Order Code RS21185
March 27, 2002
CRS Report for Congress
Received through the CRS Web
Trade Policymaking in the European Union:
Institutional Framework
Raymond J. Ahearn
Specialist in International Trade and Finance
Foreign Affairs, Defense, and Trade Division
Summary
Trade policy in the EU is made in the context of legal provisions provided by the
1957 Treaty of Rome. As part of this treaty, an institutional framework for the making
of trade policy — common commercial policy — was established. Despite relatively few
changes in the treaty base of the EU’s common commercial policy, its institutional
framework has evolved over time as the scope of what constitutes trade policy has
changed. The roles and functions of key institutions — the European Commission, the
Council of Ministers, subordinate bodies of the Council, the European Parliament, and
the European Court of Justice – are described in this report. The actual process of how
the EU makes trade policy is of growing interest to the United States as the EU
continues to play a larger and more assertive role in the world economy. This report will
be updated as events warrant.
Background
The EU is a treaty-based institutional framework that defines and manages economic
and political cooperation among its fifteen members.
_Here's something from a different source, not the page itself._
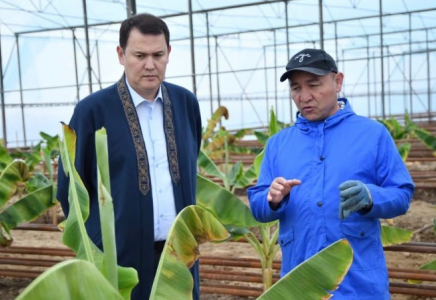  ТҮРКІСТАН: Отырарда банан өсіріле бастады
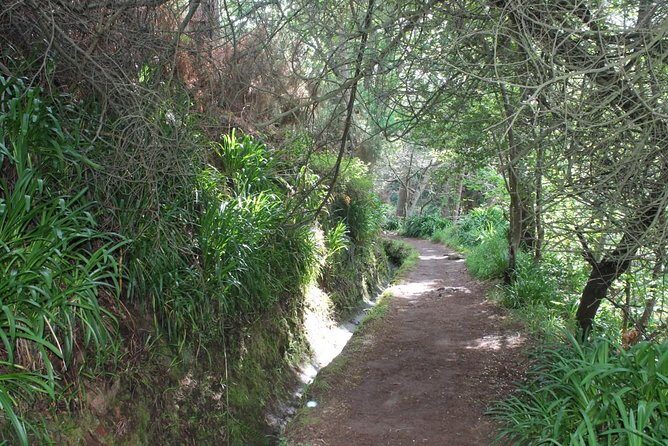 Vale Paraíso - Rochão (Half Day Walk) - A Detailed Look at the Vale Paraíso - Rochão Walk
Impetus for the formation of the EU
came in the aftermath of the devastation of World War II with the signing of several
treaties by six countries – Belgium, France, Germany, Italy, Luxembourg, and the
Netherlands.1 By agreeing to integrate their economies in matters of coal and steel
production, trade, and nuclear energy, Europe’s leaders hoped to achieve a closer union
among the people’s of Europe and avoid another war on the continent.
As a result of the 1957 “Rome Treaties,” the European Economic Community (EEC)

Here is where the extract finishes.